But you know this, lovely readers. Those of you who have been here since the beginning. You know.

But more importantly, I know. We know. We know who we are and what we're out to create. We know that we're far from perfect. We know that as hard as we try, we'll never completely have our shit together. We'll never be perfect. But we can learn. And make up for our mistakes by not repeating them. By reaching out to others. By being a voice for positivity.

How to not care what the haters think
Needless to say, after my Curbed LA experience, I chose not to read the comments on the Eastsider LA post. I was told that in addition to the haters, there were also people defending us. Just like on the Curbed LA post. And that's nice. But I am really working on not caring what total strangers think of us and instead focus on what is within my control...

Being a responsible, generous, loving and authentic human being.

I don't always succeed in every area. But I get a new chance to make that effort every day. Every moment, actually. Every moment is a choice to either be great or something else.

As my grandma and probably every grandma in history used to say:

"If you don't have anything nice to say, don't say anything at all."

In this internet day in age, that has changed to:

"If you don't have anything nice to say to their face, go online and say it anonymously."

So, anonymous commenters, I say to you:

Thank you for being such a shining light of perfection in this world. I don't know what we'd do without people like you who are so unburdened by compassion and have never made a single mistake in your entire life.

Did I "ask" for this?

I suppose so. I did choose to put myself out there in a very public way. Not only did I write about an embarrassing topic on my blog, I also wrote a book. I really put myself out there.

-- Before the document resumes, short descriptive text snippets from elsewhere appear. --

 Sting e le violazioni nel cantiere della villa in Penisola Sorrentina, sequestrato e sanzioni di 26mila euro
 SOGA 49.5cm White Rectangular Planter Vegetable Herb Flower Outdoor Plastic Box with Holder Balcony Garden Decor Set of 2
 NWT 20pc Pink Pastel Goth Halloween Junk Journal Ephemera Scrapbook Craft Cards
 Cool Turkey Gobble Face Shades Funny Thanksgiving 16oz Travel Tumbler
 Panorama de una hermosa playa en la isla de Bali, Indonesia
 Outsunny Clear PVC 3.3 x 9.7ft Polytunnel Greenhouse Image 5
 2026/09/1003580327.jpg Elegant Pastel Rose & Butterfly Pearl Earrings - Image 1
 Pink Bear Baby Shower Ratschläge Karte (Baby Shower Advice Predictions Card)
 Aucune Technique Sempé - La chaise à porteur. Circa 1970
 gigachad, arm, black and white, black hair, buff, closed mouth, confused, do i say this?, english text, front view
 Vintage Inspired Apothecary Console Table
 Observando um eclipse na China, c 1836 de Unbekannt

Having unflattering things written about you is not fun. It can really sting. It all comes with the territory, though. If you choose to create and put something into the world, you're going to open yourself up to opinions and judgements. That is the price. It just is. And the quantity of haters only increases as your impact in the world grows.

As such, fear of other people's judgements is what keeps a lot of people from putting themselves out there.

So what do you do? Hold back? Hell, no.

Then what?

Ignore the haters. And just keep on putting yourself out there.

I'm glad I did.

Why?

Because I know it makes a difference.

How? Because you tell me that it does.

Thank you for telling me. It really does help to know that.
How else to deal with the hate?

Take Tim Ferriss' advice
Tim Ferriss is the author of the bestsellers- The 4-Hour Workweek and The 4-Hour Body. Bob and I are both big fans of him and his out-of-the-box approach to life. He is someone who holds nothing back. And he's also not a stranger to internet haters. His video presentation "Tim Ferriss Scam! Learning to Love Haters: Practical Tactics" is really eye-opening.

And tip #5 from the Mashable interview with Tim Ferriss-  7 Great Principles for Dealing with Haters - is especially helpful:

5. “If you want to improve, be content to be thought foolish and stupid.” (Epictetus)
“Another way to phrase this is through a more recent quote from Elbert Hubbard,” Ferriss says. “‘To avoid criticism, do nothing, say nothing, and be nothing.” Ferriss, who holds a Guinness World Record for the most consecutive tango spins, says he has learned to enjoy criticism over the years. Ferriss, using Roman philosophy to expand on his point, says: “Cato, who Seneca believed to be the perfect stoic, practiced this by wearing darker robes than was customary and by wearing no tunic. He expected to be ridiculed and he was, he did this to train himself to only be ashamed of those things that are truly worth being ashamed of. To do anything remotely interesting you need to train yourself to be effective at dealing with, responding to, even enjoying criticism… In fact, I would take the quote a step further and encourage people to actively pursue being thought foolish and stupid.”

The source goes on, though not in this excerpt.